Does Google play fair? Is 'relevant content' and 'usability' enough?
-
It seems there are 2 opposing views, and as a newbie this is very confusing.
One view is that as long as your site pages have relevant content and are easy for the user, Google will rank you fairly.
The other view is that Google has 'rules' you must follow and even if the site is relevant and user-friendly if you don't play by the rules your site may never rank well.
Which is closer to the truth? No one wants to have a great website that won't rank because Google wasn't sophisticated enough to see that they weren't being unfair.
Here's an example to illustrate one related concern I have:
I've read that Google doesn't like duplicated content. But, here are 2 cases in which is it more 'relevant' and 'usable' to the user to have duplicate content:
Say a website helps you find restaurants in a city. Restaurants may be listed by city region, and by type of restaurant. The home page may have links to 30 city regions. It may also have links for 20 types of restaurants. The user has a choice. Say the user chooses a region. The resulting new page may still be relevant and usable by listing ALL 30 regions because the user may want to choose a different region. Altenatively say the user chooses a restaurant type for the whole city. The resulting page may still be relevant and usable by giving the user the ability to choose another type OR another city region. IOW there may be a 'mega-menu' at the top of the page which duplicates on every page in the site, but is very helpful. Instead of requiring the user to go back to the home page to click a new region or a new type the user can do it on any page. That's duplicate content in the form of a mega menu, but is very relevant and usable. YET, my sense is that Google MAY penalize the site even though arguably it is the most relevant and usable approach for someone that may or may not have a specific region or restaurant type in mind..
Thoughts?
-
Hi David,
Sorry for such a delayed response but I keep wondering about your point on the meganav. Its known that Google is able to figure out menus and wont count those toward duplicate content? I just would like to be sure since my menus are fairly substantial when dropdowns are included.
-
You are giving me SOME hope for a site I've been working on for about 5 years and am getting ready to launch. Thanks very much.
-
Your comment in #4 about time on page and bookmarking is something I think should be taken into account by Google for search page ranking, but I've never heard before that they do. [...] Are those significant factors used by Google?
In my opinion, google has every ability to measure visitor actions. They own the Chrome browser and could measure the engagement of visitors with a page, they have access to what gets bookmarked in Chrome, they know when a visitor clicks in the SERPs and when that same visitor reappears in the SERPs, they don't have to have links because they can read when people mention your site in a forum, they know if people navigate to your site by typeing the name of your site into search... I believe that all of these things are important for rankings but how important I can't say.
I have lots of really good content that when I published it the page ranked at #150 or deeper in the SERPs.
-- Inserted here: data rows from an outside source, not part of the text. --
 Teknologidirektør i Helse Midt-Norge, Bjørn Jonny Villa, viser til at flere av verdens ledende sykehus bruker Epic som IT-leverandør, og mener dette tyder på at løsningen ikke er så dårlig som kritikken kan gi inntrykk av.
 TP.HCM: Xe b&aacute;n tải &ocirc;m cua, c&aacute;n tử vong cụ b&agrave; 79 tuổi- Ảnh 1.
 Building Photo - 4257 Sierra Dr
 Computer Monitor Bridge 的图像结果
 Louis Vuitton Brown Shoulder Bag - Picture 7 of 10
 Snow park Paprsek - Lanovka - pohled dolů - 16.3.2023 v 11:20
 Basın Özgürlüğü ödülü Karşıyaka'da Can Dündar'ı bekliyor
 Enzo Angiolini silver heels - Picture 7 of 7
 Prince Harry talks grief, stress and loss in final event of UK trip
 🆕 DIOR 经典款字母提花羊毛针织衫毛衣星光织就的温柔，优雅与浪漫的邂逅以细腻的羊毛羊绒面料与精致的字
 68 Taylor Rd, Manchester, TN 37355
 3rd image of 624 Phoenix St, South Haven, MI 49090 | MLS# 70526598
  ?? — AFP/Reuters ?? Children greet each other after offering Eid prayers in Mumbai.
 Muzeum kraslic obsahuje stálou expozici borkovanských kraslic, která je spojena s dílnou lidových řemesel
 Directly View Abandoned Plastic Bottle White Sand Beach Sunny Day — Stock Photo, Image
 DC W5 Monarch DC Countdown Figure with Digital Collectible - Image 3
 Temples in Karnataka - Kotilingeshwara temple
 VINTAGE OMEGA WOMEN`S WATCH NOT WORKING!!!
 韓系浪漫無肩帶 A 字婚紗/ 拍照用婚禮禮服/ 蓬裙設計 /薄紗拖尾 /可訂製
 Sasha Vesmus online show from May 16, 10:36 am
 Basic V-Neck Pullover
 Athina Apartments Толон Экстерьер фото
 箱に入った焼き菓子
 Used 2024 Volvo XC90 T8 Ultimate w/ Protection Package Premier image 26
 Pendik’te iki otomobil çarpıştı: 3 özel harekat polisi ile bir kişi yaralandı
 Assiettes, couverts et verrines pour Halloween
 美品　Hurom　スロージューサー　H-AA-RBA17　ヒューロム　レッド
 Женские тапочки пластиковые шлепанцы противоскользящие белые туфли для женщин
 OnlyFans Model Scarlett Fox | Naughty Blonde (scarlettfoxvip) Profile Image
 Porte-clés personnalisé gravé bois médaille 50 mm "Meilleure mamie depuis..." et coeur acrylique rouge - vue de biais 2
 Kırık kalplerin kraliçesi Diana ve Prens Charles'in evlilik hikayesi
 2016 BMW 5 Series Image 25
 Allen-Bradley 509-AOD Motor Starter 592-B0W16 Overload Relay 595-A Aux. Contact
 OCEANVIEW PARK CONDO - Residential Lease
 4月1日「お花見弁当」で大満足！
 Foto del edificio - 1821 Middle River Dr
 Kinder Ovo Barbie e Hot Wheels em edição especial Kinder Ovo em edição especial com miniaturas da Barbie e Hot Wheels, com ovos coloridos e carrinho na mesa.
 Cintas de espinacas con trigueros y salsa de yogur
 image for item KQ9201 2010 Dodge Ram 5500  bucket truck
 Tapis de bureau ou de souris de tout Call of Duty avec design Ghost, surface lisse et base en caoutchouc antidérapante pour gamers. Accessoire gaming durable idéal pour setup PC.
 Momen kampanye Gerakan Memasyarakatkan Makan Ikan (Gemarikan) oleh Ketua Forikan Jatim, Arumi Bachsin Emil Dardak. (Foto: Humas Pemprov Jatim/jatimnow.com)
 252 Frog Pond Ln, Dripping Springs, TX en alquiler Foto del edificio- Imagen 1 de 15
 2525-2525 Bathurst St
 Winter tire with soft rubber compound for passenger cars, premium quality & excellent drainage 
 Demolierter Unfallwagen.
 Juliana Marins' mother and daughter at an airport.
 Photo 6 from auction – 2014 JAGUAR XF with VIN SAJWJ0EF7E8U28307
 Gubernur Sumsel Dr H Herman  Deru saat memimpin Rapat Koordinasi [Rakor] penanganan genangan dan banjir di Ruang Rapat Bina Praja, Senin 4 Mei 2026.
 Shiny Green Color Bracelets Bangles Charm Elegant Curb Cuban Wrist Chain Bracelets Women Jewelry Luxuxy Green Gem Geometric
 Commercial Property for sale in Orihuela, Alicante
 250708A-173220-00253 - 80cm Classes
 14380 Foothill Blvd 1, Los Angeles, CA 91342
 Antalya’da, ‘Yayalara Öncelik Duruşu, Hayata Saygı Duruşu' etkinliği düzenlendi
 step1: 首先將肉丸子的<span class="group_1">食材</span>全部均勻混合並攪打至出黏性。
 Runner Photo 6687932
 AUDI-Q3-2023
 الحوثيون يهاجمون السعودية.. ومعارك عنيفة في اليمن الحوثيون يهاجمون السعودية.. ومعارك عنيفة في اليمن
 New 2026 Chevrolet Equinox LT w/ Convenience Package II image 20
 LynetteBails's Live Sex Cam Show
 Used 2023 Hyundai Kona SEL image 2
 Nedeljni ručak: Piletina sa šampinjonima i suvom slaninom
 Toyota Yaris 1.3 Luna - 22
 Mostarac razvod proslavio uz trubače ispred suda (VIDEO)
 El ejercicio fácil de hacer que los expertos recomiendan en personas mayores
Then, I built zero links and did zero promotion and slowly that page rises in the SERPs and is now in the top three - over a year later. I have hundreds of pages that have done that. You gotta have a LOT of patience to do things that way but you spend zero effort on promotion and 100% effort producing assets for your website. That is what I have done since about 2006. Virtually zero linkbuilding. My visitors are my linkbuilders.
-
EGOL, Thanks very much. I, being a one person biz, am very interested in the idea of ranking by popularity, as my goal is to have the best site out there but I have limited funds to promote it. Your comment in #4 about time on page and bookmarking is something I think should be taken into account by Google for search page ranking, but I've never heard before that they do. After all, usage and return usage is what it is all about! Are those significant factors used by Google? If so maybe there is hope..:)
-
Egol has this summed up perfectly!
-Andy
-
One view is that as long as your site pages have relevant content and are easy for the user, Google will rank you fairly.
The other view is that Google has 'rules' you must follow and even if the site is relevant and user-friendly if you don't play by the rules your site may never rank well.
Which is closer to the truth?
They are both a small piece of the truth. To rank on google your PAGE must be:
-
relevant to the search term and presented to google with proper title, crawability, and text visibility
-
have substantive content about the search term
-
be validated by other websites by being linked from them or mentioned by them (these are just a few validations)
-
be validated by visitors because they have queried it by name, stayed on it, bookmarked it, mentioned it by name in web readable content (these are just a few validations)
Any idiot can do #1. A good author can do #2. But, #3 and #4 are really difficult to accomplish by people who are not related to you or paid by you.
In low competion #1 and #2 can be enough to get your ranked. The higher the competition for a query the more you need #3 and #4 to rank. For some queries it can be almost impossible for a newcomer to rank on the first page of google without investing $xxx,xxx or more in website assets and promotion.... AND... having a plan in place to present the site in a way that google will be able to read it and interpret it in a way that will maximize the #3 and #4 assets.
-
-
A meganav is not considered duplicate content. Duplicate content means product description pages that are identical, having the same articles multiple places on your site, etc.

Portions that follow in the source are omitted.